IBM and the OpenCAPI Consortium have been pushing their own solution for attaching accelerators to a host processor to meet demand for higher performance and greater memory bandwidth in hyperscale data centers, high-performance computing and deep learning. "To get the latency and bandwidth characteristics, we really need a new interface and a new technology," said Jeff Stuecheli, an IBM Power hardware architect.

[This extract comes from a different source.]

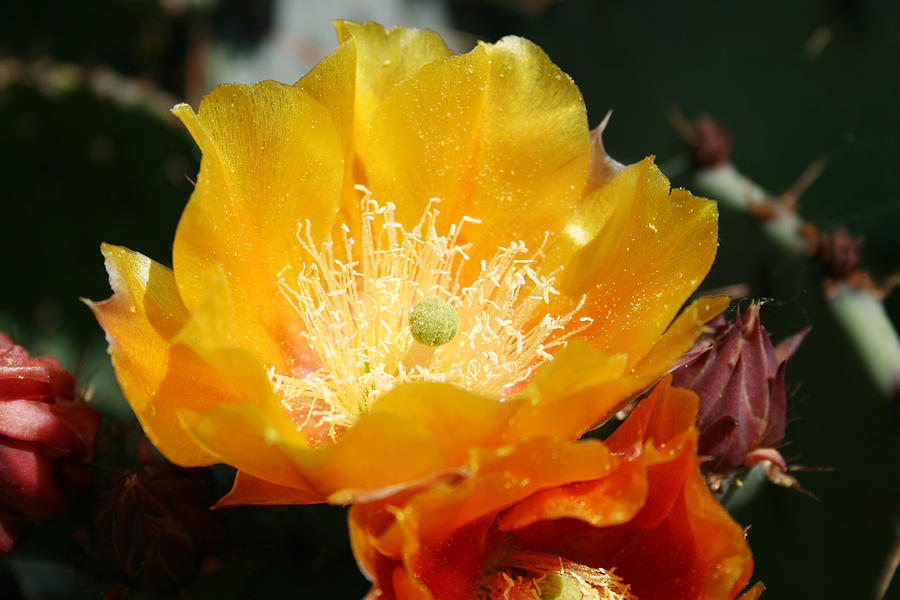 Pollen Photograph - Prickly Pear Blossom by Ellen Henneke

CAPI started out as an alternative to PCIe for attaching co-processors, but the focus has expanded and the bus now supports standard memory, storage-class memory, and high-performance I/O such as network and storage controllers. Stuecheli said the consortium purposely put most of the complexity in the host controller, so it will be easy for heterogeneous systems designers to attach any type of device. At the conference, IBM was showing a 300mm wafer with Power9 processors, which is nearing commercial release (Oak Ridge National Laboratory and Lawrence Livermore National Laboratory have already received some shipments for future supercomputers).
Heterogeneous systems are not only tough to build, they are also a challenge to optimize and program. UltraSoC is an IP vendor that sells "smart modules" to debug and monitor the entire SoC (ARM, MIPS and others) to identify issues with CPU performance, memory bandwidth, deadlocks and data corruption without impacting system performance. And Silexica has developed an SLX compiler that can take existing code and optimize it to run on heterogeneous hardware for automotive, aerospace and industrial, and 5G wireless base stations.
Brute-force scaling of CPUs isn't going to get us where we need to go, but the industry will continue to come up with new ways to scale power, performance to meet the needs of emerging applications. The key takeaway from the Linley Processor Conference is that this more complex and nuanced approach requires new technology to design, connect, manufacture and program these heterogeneous systems.